[Data excerpts]
────────

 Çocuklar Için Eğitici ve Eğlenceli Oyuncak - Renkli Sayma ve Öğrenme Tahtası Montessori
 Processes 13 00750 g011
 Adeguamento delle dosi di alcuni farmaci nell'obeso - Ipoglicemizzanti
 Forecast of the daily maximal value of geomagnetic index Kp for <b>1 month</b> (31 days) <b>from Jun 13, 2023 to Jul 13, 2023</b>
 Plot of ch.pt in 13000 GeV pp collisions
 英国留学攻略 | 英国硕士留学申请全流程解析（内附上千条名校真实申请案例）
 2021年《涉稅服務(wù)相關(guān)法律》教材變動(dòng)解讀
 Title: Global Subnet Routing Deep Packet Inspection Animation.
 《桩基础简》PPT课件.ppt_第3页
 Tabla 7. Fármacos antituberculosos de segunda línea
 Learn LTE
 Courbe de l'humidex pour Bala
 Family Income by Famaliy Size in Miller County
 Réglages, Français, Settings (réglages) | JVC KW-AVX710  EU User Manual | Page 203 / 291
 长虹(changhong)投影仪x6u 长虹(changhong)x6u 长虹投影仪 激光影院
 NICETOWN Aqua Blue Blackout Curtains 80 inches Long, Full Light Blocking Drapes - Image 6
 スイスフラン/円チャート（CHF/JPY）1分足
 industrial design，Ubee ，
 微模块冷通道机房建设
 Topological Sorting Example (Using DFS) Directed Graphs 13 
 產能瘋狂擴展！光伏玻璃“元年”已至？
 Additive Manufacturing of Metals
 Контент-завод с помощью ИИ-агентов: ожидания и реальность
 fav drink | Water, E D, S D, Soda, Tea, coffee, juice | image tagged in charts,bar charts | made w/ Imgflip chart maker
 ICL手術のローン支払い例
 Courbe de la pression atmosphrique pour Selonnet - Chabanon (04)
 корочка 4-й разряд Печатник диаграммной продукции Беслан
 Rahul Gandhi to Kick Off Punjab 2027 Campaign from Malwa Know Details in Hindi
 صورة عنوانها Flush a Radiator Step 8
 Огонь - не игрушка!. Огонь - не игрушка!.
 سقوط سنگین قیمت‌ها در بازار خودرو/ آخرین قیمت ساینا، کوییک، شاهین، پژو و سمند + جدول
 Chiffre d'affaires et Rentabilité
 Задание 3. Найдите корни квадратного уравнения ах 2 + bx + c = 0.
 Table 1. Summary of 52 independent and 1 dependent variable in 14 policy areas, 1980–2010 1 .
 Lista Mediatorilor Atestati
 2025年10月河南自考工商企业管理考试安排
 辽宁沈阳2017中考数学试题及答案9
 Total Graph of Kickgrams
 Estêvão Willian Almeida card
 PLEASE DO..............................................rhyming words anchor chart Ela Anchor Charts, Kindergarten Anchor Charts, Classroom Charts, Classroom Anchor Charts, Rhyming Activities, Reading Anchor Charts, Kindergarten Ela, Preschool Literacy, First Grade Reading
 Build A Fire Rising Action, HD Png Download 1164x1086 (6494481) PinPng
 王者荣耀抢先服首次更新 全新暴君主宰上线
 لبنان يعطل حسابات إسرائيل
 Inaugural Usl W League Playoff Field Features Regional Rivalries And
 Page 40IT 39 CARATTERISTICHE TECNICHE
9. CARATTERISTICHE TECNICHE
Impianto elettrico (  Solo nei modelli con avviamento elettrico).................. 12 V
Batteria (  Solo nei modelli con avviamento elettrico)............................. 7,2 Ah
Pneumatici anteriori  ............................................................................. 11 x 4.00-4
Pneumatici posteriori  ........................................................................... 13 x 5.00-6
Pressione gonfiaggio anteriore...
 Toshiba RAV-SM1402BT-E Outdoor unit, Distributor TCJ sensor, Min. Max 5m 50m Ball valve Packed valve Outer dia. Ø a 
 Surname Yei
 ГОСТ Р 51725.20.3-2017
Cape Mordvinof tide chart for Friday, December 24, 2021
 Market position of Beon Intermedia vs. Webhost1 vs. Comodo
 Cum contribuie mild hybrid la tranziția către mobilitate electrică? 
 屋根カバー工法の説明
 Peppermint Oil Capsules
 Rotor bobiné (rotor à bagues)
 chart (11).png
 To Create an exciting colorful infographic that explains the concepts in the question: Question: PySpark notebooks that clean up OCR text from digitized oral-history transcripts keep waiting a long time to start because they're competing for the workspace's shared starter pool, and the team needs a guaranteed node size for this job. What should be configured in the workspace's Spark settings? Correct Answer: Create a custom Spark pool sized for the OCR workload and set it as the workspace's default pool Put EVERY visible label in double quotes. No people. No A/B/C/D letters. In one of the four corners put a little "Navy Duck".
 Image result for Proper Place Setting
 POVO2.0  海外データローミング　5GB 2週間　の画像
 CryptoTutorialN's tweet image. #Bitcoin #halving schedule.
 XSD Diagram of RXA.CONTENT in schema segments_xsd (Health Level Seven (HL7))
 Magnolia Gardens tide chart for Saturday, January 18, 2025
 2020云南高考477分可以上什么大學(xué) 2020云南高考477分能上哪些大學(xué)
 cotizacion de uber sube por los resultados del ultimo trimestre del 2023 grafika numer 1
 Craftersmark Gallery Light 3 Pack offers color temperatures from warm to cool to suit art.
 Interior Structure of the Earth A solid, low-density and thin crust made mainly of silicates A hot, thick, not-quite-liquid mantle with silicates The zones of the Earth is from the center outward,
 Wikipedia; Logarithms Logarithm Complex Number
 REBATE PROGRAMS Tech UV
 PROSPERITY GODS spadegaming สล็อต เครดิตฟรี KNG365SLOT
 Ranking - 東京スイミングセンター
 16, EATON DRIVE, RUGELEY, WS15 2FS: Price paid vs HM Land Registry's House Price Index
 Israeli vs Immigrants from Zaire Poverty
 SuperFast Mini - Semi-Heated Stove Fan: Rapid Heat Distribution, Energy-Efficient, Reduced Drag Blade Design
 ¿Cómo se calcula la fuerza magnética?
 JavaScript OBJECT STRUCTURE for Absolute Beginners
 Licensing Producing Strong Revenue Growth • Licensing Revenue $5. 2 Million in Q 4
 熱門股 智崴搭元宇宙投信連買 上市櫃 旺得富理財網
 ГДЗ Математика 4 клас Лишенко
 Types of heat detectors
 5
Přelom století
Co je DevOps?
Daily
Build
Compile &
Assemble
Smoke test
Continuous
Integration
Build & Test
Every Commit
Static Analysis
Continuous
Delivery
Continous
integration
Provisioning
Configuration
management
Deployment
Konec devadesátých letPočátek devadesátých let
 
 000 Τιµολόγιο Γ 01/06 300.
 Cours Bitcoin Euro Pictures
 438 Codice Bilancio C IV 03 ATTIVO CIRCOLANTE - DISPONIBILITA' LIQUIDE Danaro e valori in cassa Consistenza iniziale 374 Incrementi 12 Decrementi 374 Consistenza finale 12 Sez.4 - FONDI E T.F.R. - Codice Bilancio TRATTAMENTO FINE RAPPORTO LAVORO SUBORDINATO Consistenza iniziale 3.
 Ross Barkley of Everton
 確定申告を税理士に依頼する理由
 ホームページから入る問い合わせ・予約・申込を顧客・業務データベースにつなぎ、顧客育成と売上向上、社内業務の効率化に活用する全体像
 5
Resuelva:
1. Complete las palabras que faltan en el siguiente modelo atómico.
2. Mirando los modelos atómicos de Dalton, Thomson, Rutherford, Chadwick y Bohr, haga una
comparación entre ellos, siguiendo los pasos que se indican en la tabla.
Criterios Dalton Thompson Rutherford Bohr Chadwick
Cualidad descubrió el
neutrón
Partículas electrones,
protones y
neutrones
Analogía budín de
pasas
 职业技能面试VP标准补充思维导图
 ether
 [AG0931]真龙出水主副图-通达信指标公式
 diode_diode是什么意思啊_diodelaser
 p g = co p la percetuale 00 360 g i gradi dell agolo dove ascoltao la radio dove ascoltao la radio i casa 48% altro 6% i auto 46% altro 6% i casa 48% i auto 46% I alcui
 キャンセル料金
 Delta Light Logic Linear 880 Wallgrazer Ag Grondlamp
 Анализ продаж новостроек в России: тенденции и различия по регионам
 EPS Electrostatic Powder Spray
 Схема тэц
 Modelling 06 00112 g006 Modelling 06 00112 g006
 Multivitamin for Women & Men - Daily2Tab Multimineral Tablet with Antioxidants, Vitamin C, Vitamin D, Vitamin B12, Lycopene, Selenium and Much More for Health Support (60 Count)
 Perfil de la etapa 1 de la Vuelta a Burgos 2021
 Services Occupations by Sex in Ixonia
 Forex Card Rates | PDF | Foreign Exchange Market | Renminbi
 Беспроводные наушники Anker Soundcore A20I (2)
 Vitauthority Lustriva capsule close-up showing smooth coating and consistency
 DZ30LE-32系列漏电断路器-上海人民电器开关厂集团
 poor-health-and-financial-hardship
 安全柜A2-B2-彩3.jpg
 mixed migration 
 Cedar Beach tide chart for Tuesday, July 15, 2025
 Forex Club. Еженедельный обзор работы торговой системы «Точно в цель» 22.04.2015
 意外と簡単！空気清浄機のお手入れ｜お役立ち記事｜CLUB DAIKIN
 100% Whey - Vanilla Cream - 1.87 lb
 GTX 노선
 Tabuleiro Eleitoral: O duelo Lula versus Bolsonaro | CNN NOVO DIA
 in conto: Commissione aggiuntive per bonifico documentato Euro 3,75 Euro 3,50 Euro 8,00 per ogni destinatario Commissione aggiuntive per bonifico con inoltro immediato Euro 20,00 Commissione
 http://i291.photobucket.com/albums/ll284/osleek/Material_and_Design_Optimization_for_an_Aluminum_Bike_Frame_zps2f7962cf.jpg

────────

What lines in the entries contain "Light"? Report each one by copying it.

**Solution**
 NICETOWN Aqua Blue Blackout Curtains 80 inches Long, Full Light Blocking Drapes - Image 6
 Craftersmark Gallery Light 3 Pack offers color temperatures from warm to cool to suit art.
 Delta Light Logic Linear 880 Wallgrazer Ag Grondlamp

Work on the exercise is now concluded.